ENTRIES SUPPLIED |
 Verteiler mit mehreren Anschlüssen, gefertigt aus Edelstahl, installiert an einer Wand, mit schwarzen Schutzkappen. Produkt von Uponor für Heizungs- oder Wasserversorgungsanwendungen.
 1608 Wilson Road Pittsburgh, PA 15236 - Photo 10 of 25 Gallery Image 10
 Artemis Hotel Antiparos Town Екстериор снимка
---
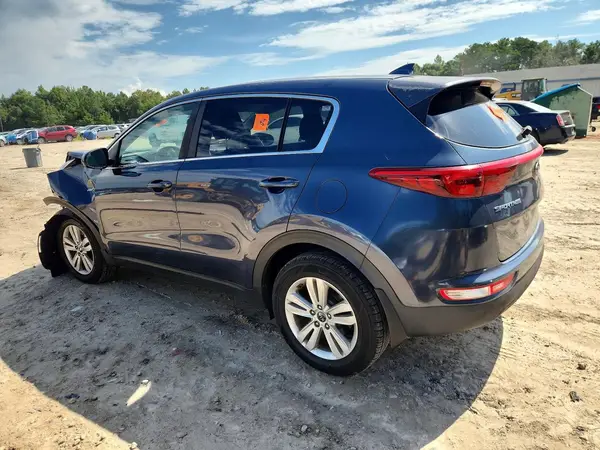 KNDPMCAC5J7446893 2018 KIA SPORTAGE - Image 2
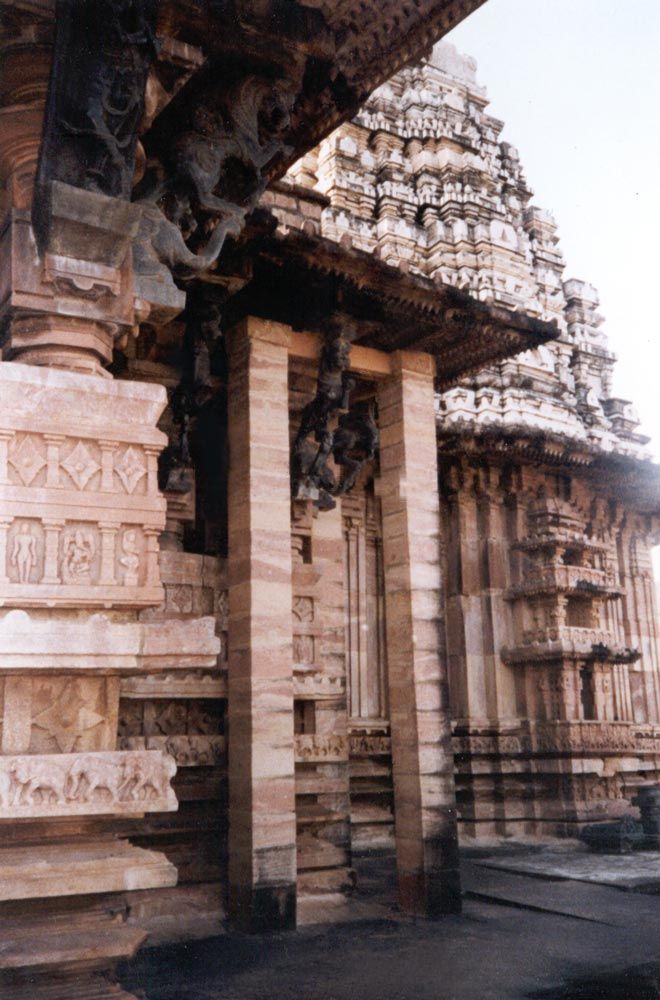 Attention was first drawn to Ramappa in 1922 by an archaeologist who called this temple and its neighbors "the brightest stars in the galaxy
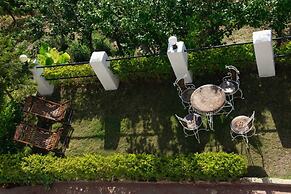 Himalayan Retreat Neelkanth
==
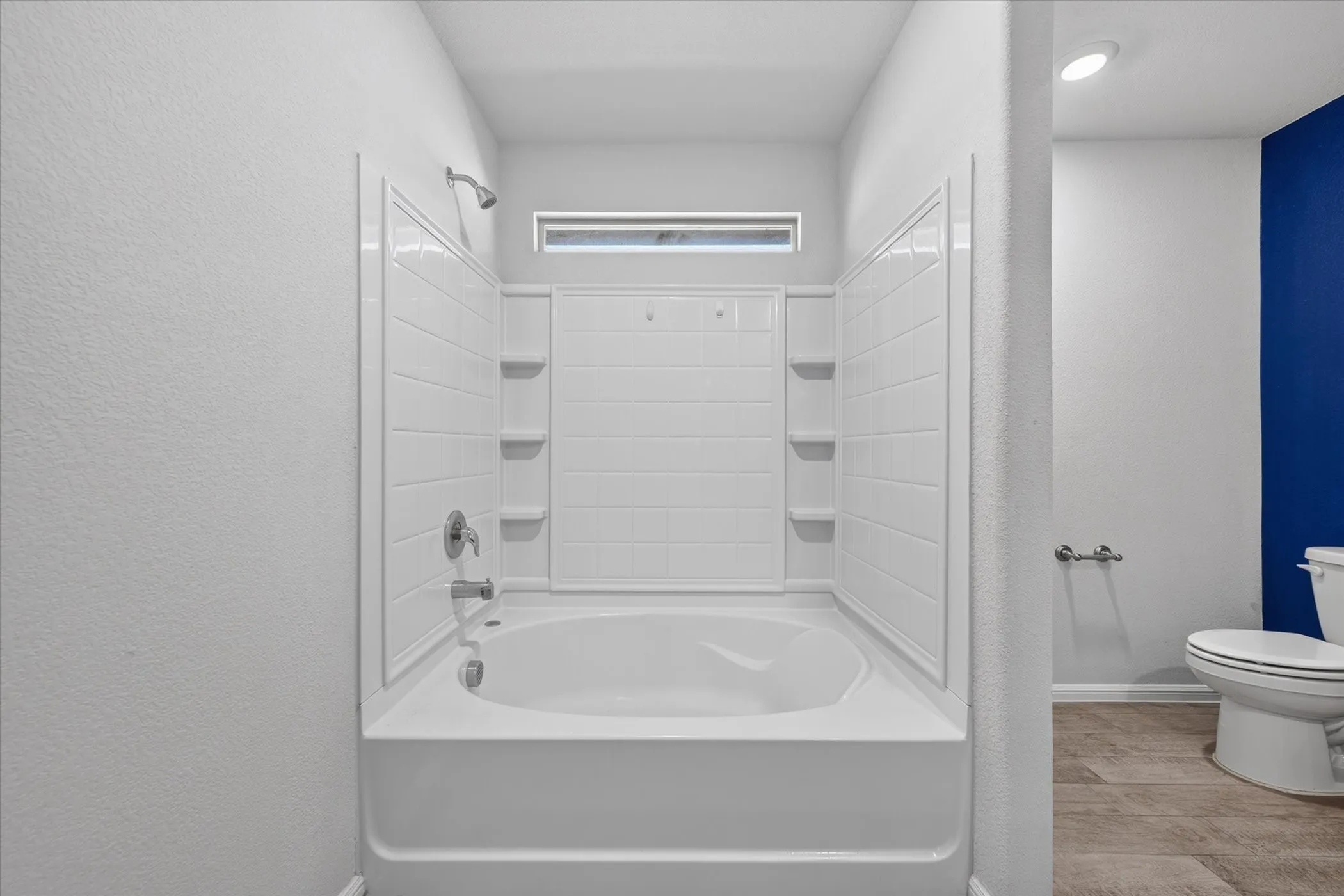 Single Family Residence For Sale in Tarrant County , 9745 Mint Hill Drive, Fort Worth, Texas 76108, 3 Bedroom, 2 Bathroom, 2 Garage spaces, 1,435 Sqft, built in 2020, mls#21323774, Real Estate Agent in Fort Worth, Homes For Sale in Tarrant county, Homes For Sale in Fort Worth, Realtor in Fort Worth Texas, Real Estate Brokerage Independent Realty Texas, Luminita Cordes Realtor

PROBLEM STATEMENT | Using only the entries above, output the line with "Verteiler mit mehreren", the line with "Artemis Hotel Antiparos", and all lines between them, exactly as they stand.

WRITTEN RESPONSE |
 Verteiler mit mehreren Anschlüssen, gefertigt aus Edelstahl, installiert an einer Wand, mit schwarzen Schutzkappen. Produkt von Uponor für Heizungs- oder Wasserversorgungsanwendungen.
 1608 Wilson Road Pittsburgh, PA 15236 - Photo 10 of 25 Gallery Image 10
 Artemis Hotel Antiparos Town Екстериор снимка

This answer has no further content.